Aim of the task –
Retype exactly the span of lines below from the one with "Miniatura 2 de" through the one with "Blood Moon Castle - Giclée Art Print". Do not include pictures.

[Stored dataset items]
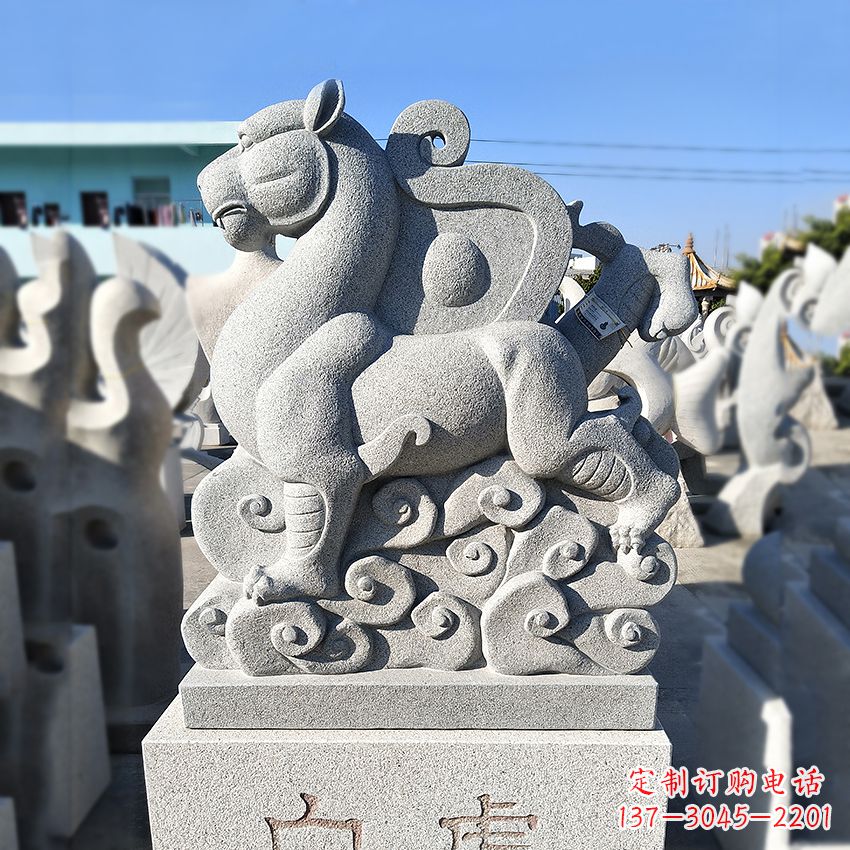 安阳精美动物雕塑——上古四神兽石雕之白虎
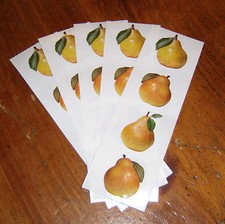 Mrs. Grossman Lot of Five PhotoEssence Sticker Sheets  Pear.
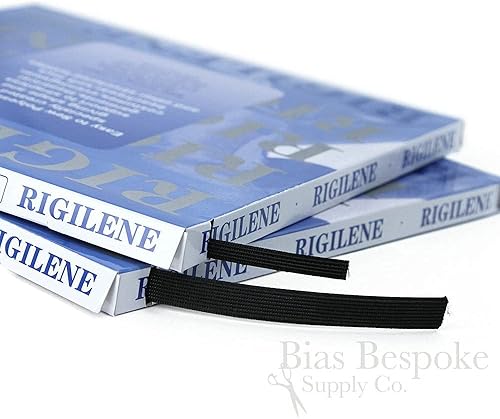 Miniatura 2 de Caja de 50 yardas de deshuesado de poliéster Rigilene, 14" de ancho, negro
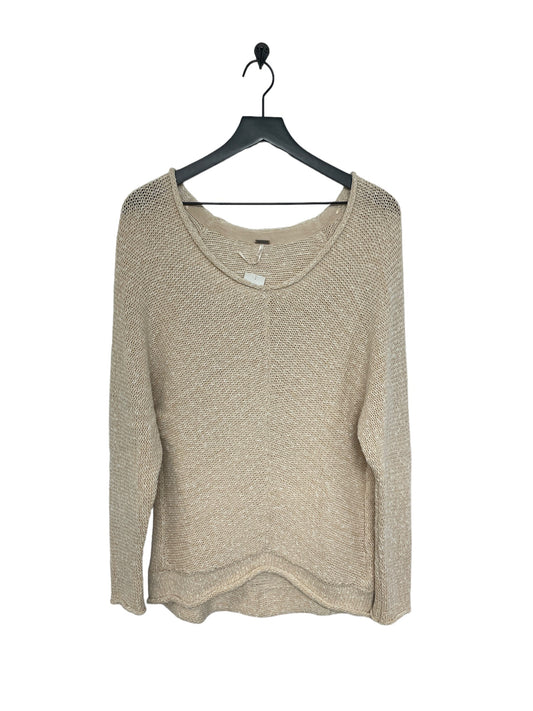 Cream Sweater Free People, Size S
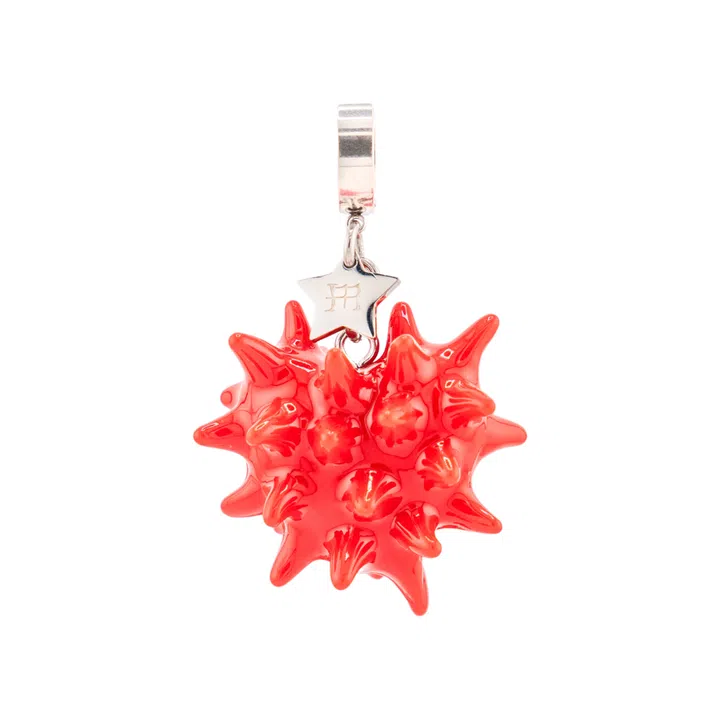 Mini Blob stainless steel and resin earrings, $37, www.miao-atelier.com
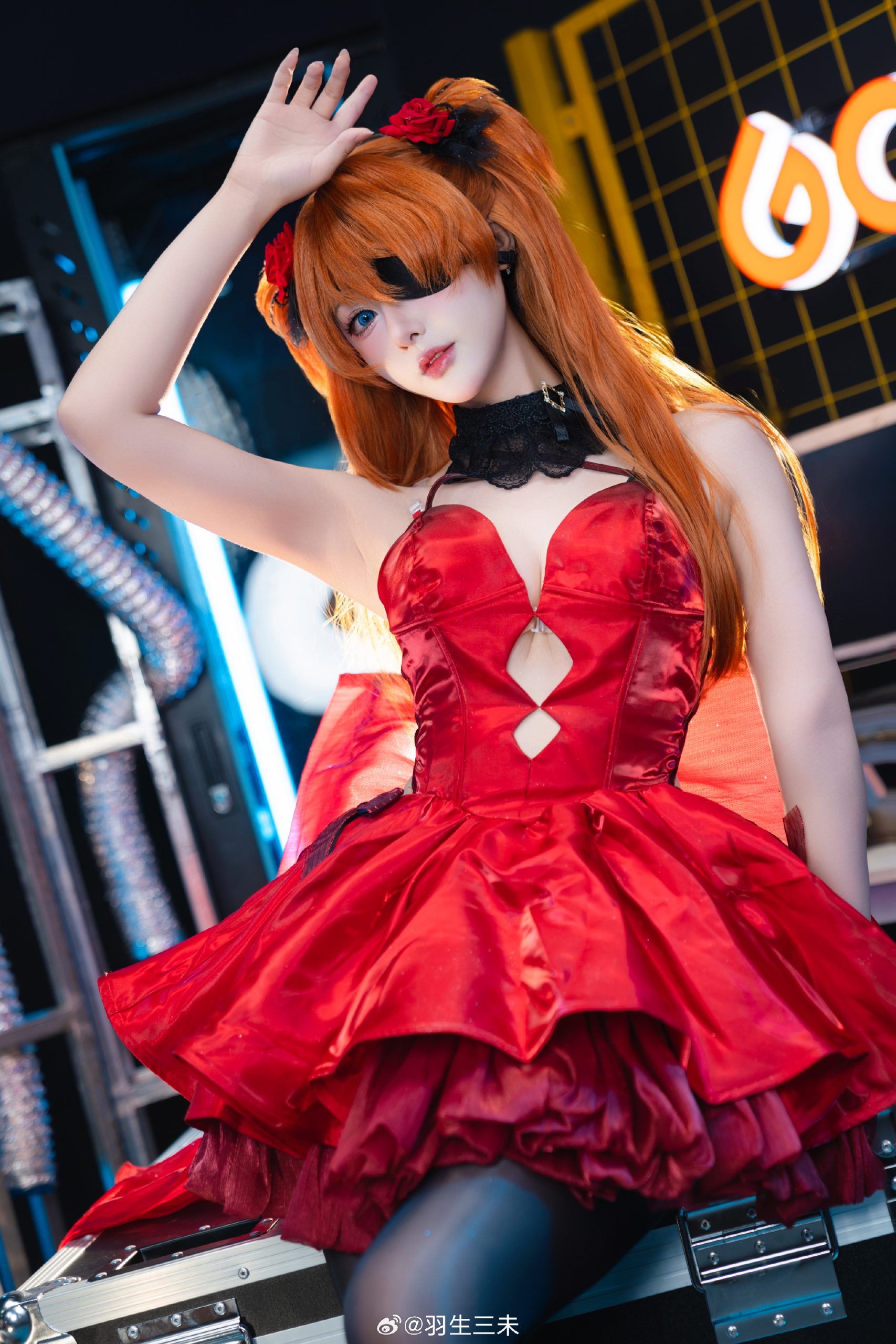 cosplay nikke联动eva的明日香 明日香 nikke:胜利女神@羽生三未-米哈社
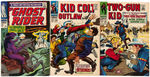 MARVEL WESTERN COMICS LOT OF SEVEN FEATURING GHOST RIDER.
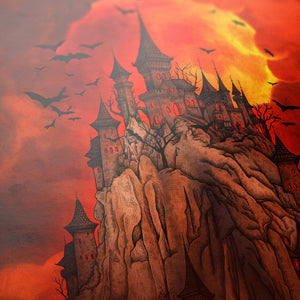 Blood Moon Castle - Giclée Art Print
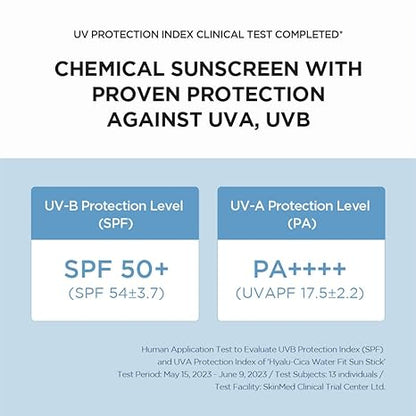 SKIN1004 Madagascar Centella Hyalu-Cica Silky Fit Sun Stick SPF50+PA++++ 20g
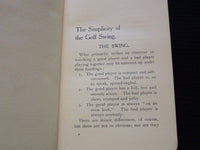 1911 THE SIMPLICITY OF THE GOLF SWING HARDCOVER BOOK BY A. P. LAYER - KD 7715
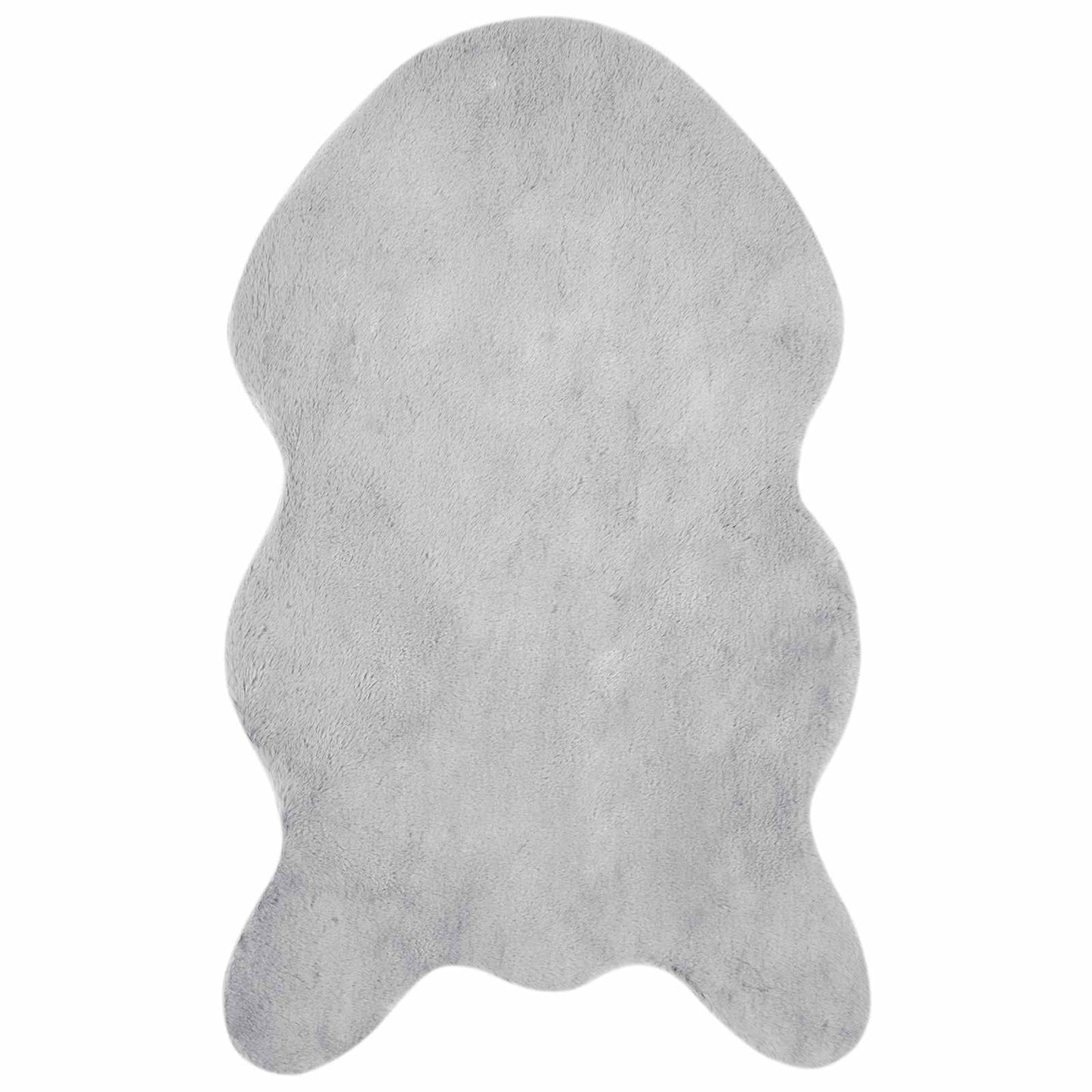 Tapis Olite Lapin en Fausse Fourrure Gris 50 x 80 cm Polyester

Expected answer –
 Miniatura 2 de Caja de 50 yardas de deshuesado de poliéster Rigilene, 14" de ancho, negro
 Cream Sweater Free People, Size S
 Mini Blob stainless steel and resin earrings, $37, www.miao-atelier.com
 cosplay nikke联动eva的明日香 明日香 nikke:胜利女神@羽生三未-米哈社
 MARVEL WESTERN COMICS LOT OF SEVEN FEATURING GHOST RIDER.
 Blood Moon Castle - Giclée Art Print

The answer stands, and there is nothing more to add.